Are long haul flights a good or bad thing for global businesses and corporate travellers?

SB: “Long haul flights have the potential to improve business travel, by offering flyers a better workplace environment and more time for uninterrupted work. Time previously spent waiting in international airports can instead be used for working, thinking, and resting.

“To make this work, however, long-haul flights need to be planned with business travellers in mind. Frequent flyers will know that while on the go, the plane or vehicle is their workplace – so it needs to house all the necessary amenities that support productive work. Access to charging stations, Wi-Fi, and ergonomic seats are a must, as well as space to move about. Sitting for longer than six hours straight is a health risk, not conducive to either the individual or the business.

“If airlines start to understand the benefits of these onboard improvements, long-haul flights will benefit global business, and airlines will be able to take advantage of a new business traveller market.”

How can business travellers prepare themselves for long-distance travel and what can HR departments do to support them?

SB: “Preparation is key for any business traveller looking to maximise their productivity. Taking steps to avoid jet lag is a great way to arrive at your destination ready to tackle work. Staying hydrated throughout the flight, following the time zone of your destination whilst on board, and having the necessary supplies to eliminate physical and mental stress is also a must for frequent business travellers.

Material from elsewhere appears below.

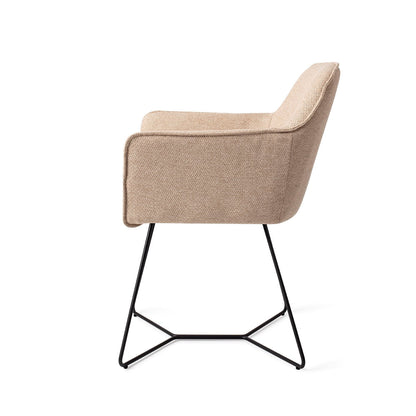 Hofu Dining Chair Wild Walnut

“HR departments can support by imagining what the world as a workplace should be like. They can help by creating ‘travel packs’ for their employees containing items such as noise cancellers, compression socks, super battery packs, and even elastic bands for exercising. Communication between HR and travellers is key to ensuring things run smoothly. Not only does this show a willingness to invest in employee wellbeing, but it’s also likely to support the business’ bottom line as travellers will arrive at their destination with the energy needed to solve complex challenges or close deals.

“It’s also vital that HR departments understand the demands of long-distance compared to short-haul flights. Travelling for extended periods can be exhausting, raise employee stress levels, and even lead to burnout. HR departments need to recognise the additional strain on travelling employees. Early and late flights or business travel over a weekend needs to be balanced by periods of rest before returning to the office. It’s time to take a more holistic approach to business travel policy.

“Travelling for business is not the same as travelling for a holiday. Anyone putting in the maximum hours and effort for their company needs two things: The tools to make the most of their time on the go, and time to recharge and reconnect with their families and friends when home.”